→ **Task description**:
If an entry holds a picture, leave the picture out and copy the rest exactly.

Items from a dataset
┏━━
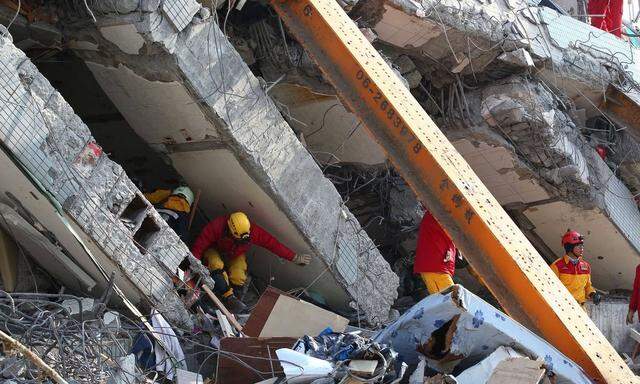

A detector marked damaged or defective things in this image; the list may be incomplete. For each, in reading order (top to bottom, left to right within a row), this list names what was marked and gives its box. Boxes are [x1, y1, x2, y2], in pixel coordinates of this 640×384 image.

cracked concrete wall [0, 32, 199, 328]
shattered masonry [0, 33, 200, 328]
cracked concrete wall [65, 0, 396, 320]
shattered masonry [61, 0, 400, 320]
broken concrete beam [376, 284, 592, 384]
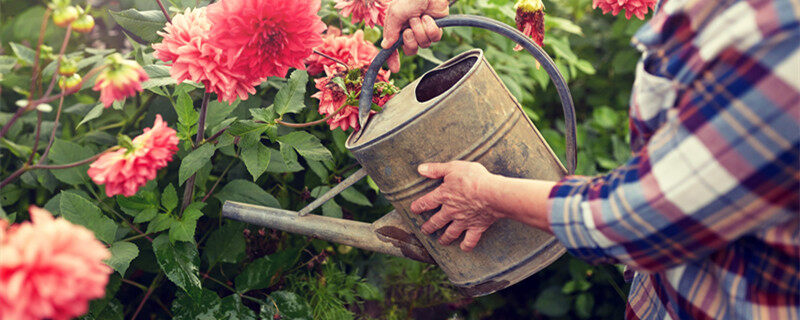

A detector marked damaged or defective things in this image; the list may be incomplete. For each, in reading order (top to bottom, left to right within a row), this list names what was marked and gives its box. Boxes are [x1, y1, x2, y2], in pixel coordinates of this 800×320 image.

rusty metal surface [222, 201, 434, 264]
rusty metal surface [346, 48, 564, 296]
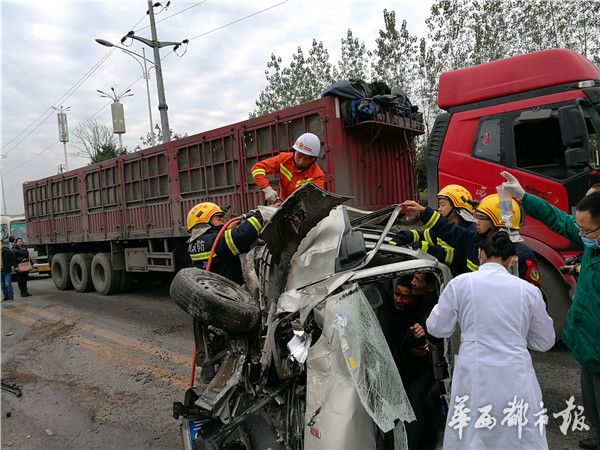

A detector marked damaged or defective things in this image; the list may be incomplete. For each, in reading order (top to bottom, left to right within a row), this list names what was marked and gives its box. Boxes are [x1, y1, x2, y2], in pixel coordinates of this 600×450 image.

crushed car [169, 185, 454, 450]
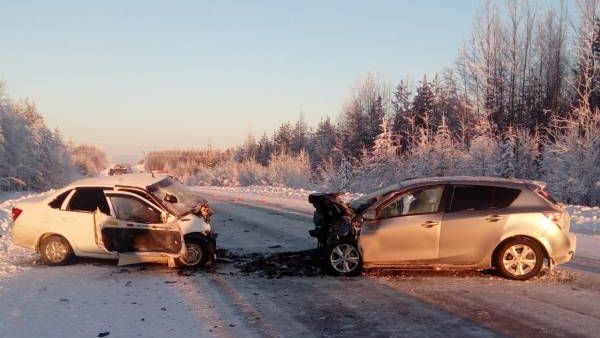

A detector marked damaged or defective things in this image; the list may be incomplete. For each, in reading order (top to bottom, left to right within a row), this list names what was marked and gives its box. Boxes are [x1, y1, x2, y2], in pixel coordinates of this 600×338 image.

shattered windshield [148, 177, 206, 217]
shattered windshield [350, 184, 400, 213]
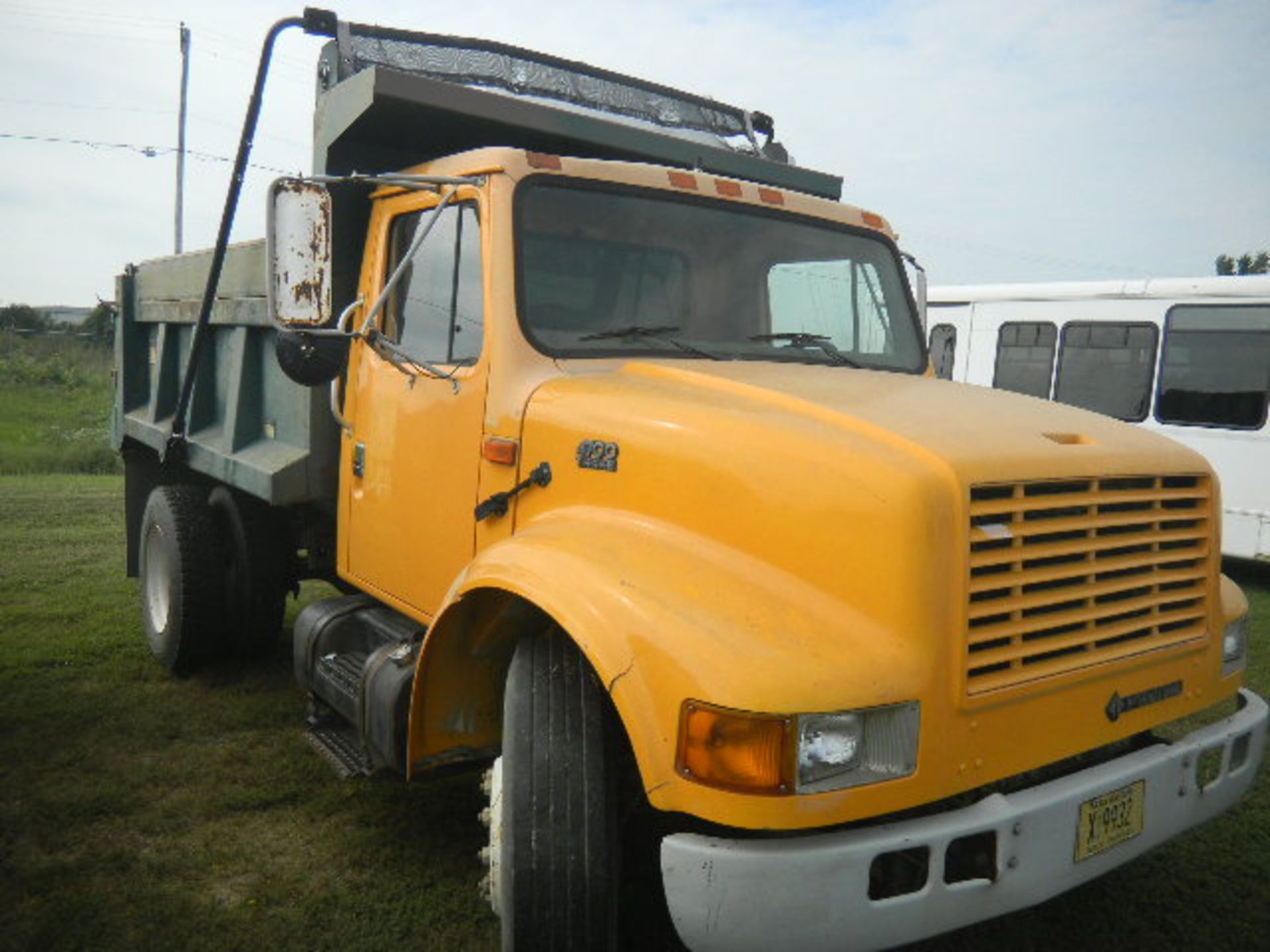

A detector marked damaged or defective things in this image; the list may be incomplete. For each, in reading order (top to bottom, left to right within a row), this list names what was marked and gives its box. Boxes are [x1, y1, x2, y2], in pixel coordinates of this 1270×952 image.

rusty mirror housing [267, 177, 333, 327]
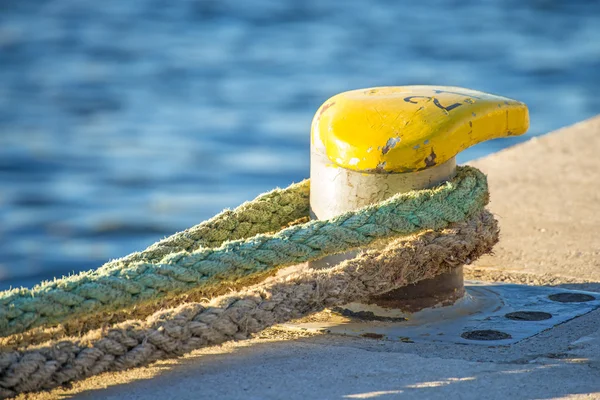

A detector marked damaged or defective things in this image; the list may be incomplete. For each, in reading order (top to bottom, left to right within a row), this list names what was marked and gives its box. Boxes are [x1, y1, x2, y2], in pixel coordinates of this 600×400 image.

rusty metal base [282, 282, 600, 346]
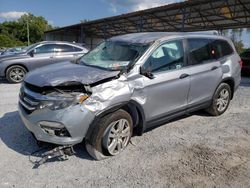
┗━━
→ **Task output**:
A detector marked damaged or defective things in this image; the list may be incomplete. For each, in reading order (top to bottom, left to right within a row), this list names what was marked and gives its box. Boxes are [x1, y1, x2, y2], in pixel coordinates of this 640×384 image.

cracked concrete wall [0, 32, 199, 328]
shattered masonry [0, 33, 200, 328]
cracked concrete wall [65, 0, 396, 320]
shattered masonry [61, 0, 400, 320]
broken concrete beam [376, 284, 592, 384]

A detector marked damaged or defective things in this image; the list may be incomplete. For each, in reading order (top to bottom, left to right within a row), this list names what was marked and gives its box. Boxes are [x1, y1, x2, y2], in pixel coordinates of this 800×320 image.

rusty metal surface [222, 201, 434, 264]
rusty metal surface [346, 48, 564, 296]

A detector marked damaged or defective things in this image; the list may be incomplete. For each, in reading order (top to bottom, left to right within a row), this list names what was marked and gives its box. Boxes are [x1, y1, x2, y2], in pixel coordinates of this 600×450 image.

crushed car [169, 185, 454, 450]

A detector marked damaged or defective things in this image; the list may be incomplete. For each, in reading order (top to bottom, left to right within a row), this list names what was marked and gives its box. Boxes are [x1, y1, x2, y2], in pixel coordinates of this 600×338 image.

shattered windshield [148, 177, 206, 217]
shattered windshield [350, 184, 400, 213]

A detector marked damaged or defective things in this image; the list may be incomplete. For each, in reading order (top to bottom, left to right within a row), this list names what was marked and gives its box. Boxes are [x1, y1, x2, y2], in pixel coordinates of this 1270×952 image.

rusty mirror housing [267, 177, 333, 327]

A detector marked damaged or defective things in this image; the list may be incomplete. For each, in reading order (top to bottom, left to right within a row), this list names what was marked and gives its box. Boxes are [x1, y1, x2, y2], in pixel coordinates of this 600×400 image.

rusty metal base [282, 282, 600, 346]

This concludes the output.